All lines from the one containing "Vintage Brutalist oakwood" through the end of the material below are to be printed exactly, both ends included, minus pictures.

## Data below
--- START ---
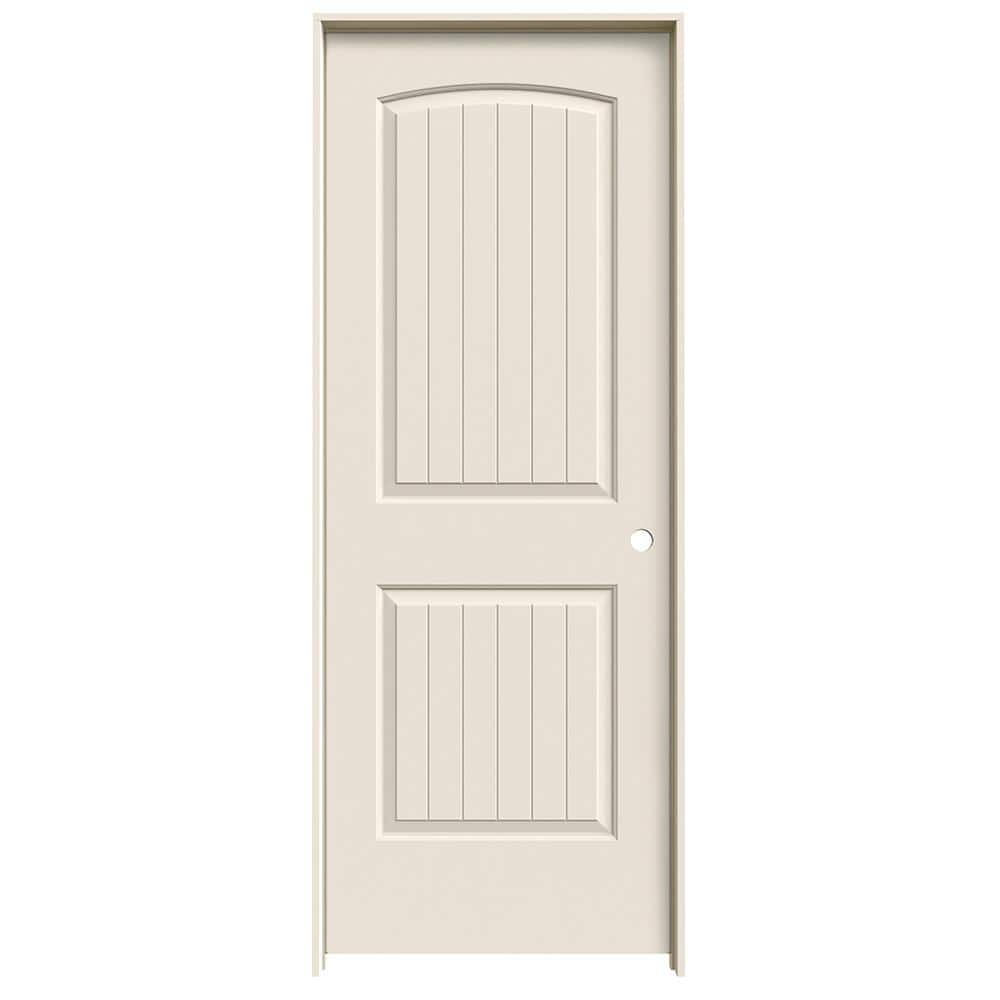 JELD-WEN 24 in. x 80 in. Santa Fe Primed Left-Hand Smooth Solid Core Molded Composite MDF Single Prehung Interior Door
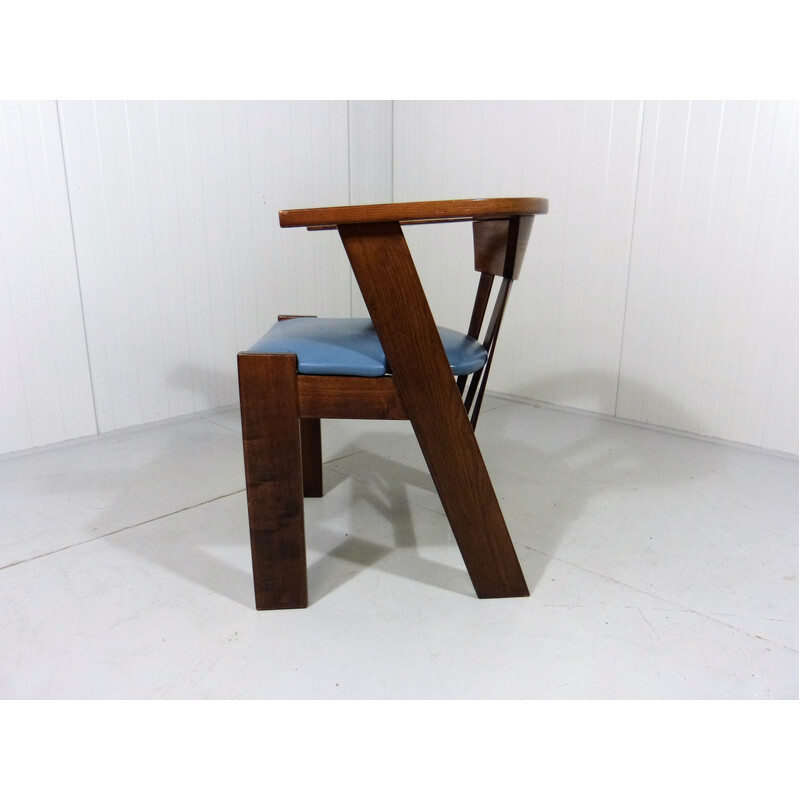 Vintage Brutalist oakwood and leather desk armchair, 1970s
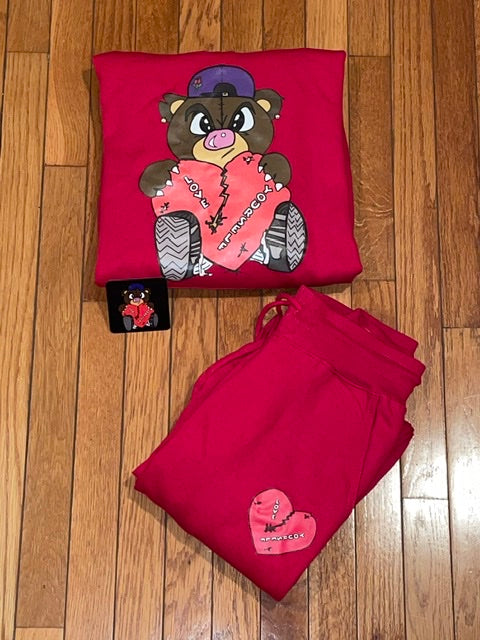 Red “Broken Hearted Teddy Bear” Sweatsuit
--- END ---
## Solution to this task
 Vintage Brutalist oakwood and leather desk armchair, 1970s
 Red “Broken Hearted Teddy Bear” Sweatsuit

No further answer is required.